Supplied data:

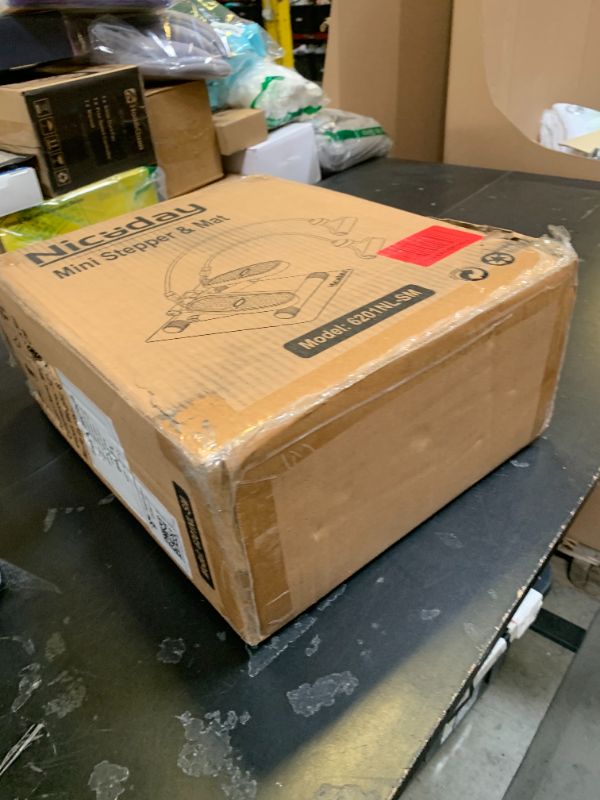 Photo 1 of Niceday Steppers for Exercise, Mini Stair Stepper with Resistance Bands at Home Workout Equipment with 300LBS Loading Capacity, Hydraulic Fitness Stepper with LCD Monitor with Mat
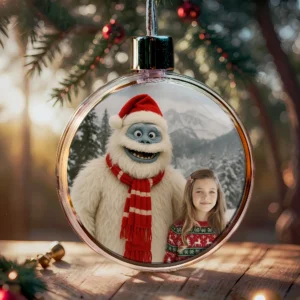 Personalized Christmas Yeti Ornament Classic 1964 Stop-Motion Movie Custom Gift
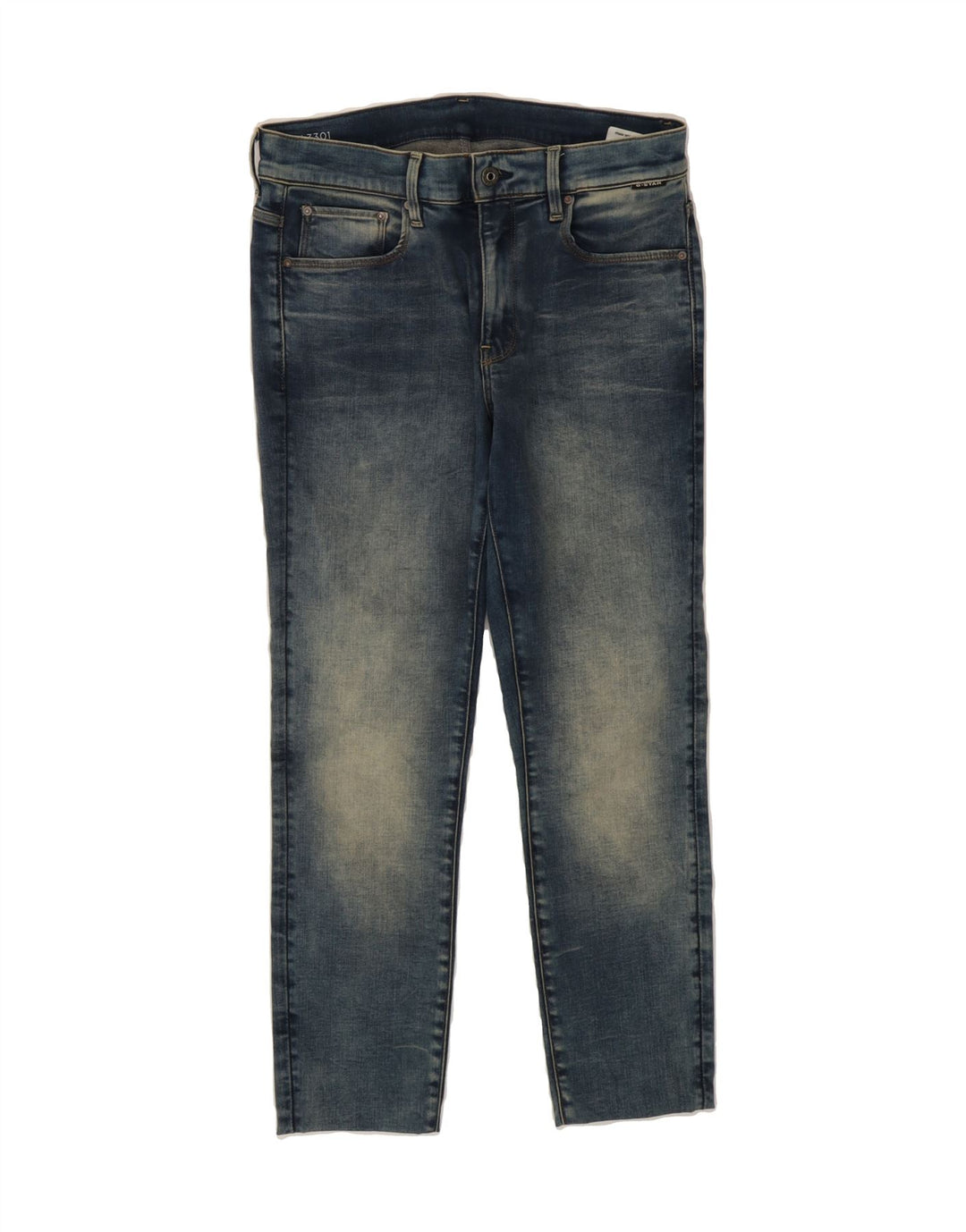G-STAR Mens 3301 Slim Jeans W30 L26 Blue Cotton Vintage G-Star and Second-Hand G-Star from Messina Hembry 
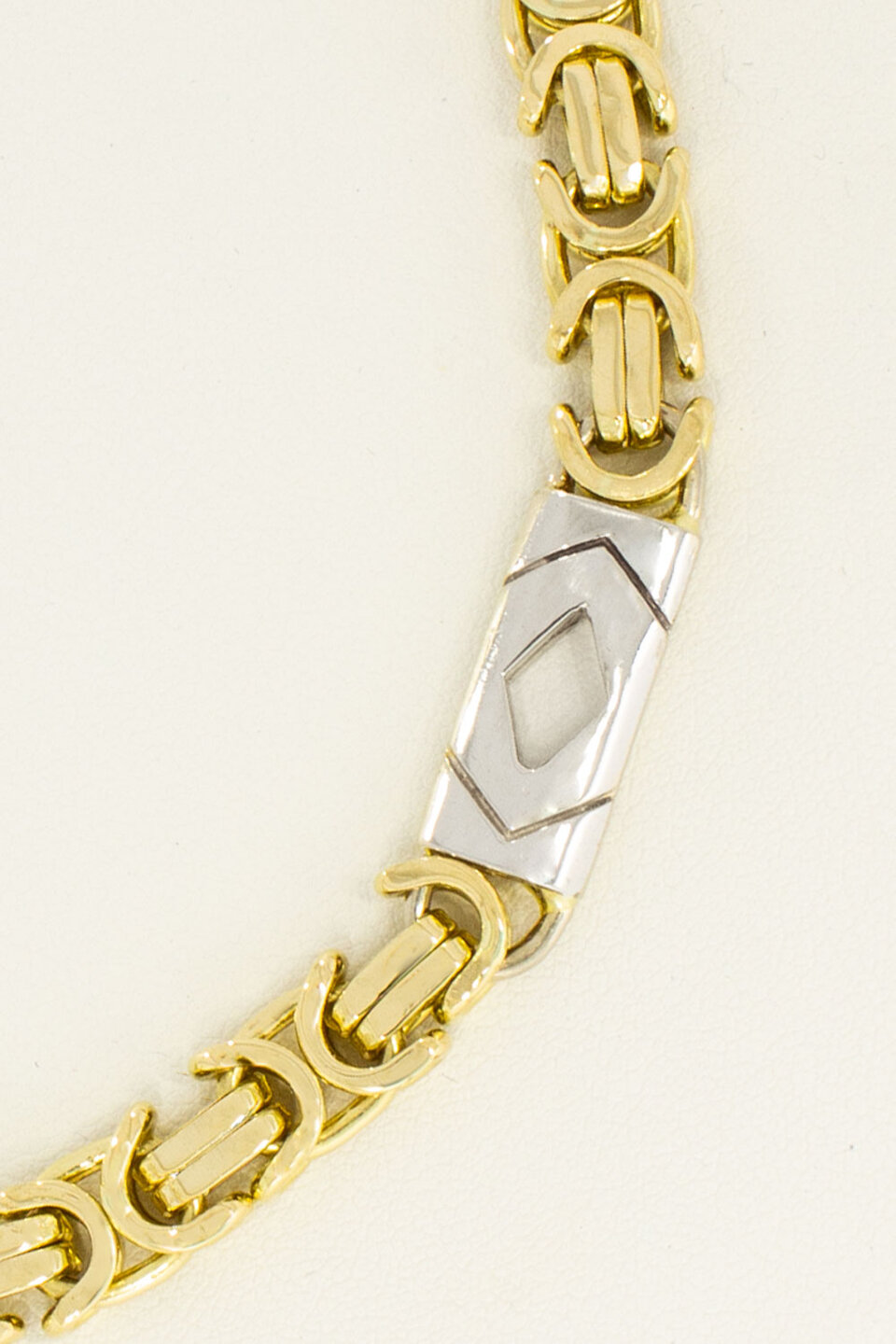 Platte Koningsketting 18 karaat - 73 cm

Exercise details: Restate every line above word for word. Do not carry over the images.

Answer for the task:
 Photo 1 of Niceday Steppers for Exercise, Mini Stair Stepper with Resistance Bands at Home Workout Equipment with 300LBS Loading Capacity, Hydraulic Fitness Stepper with LCD Monitor with Mat
 Personalized Christmas Yeti Ornament Classic 1964 Stop-Motion Movie Custom Gift
G-STAR Mens 3301 Slim Jeans W30 L26 Blue Cotton Vintage G-Star and Second-Hand G-Star from Messina Hembry 
 Platte Koningsketting 18 karaat - 73 cm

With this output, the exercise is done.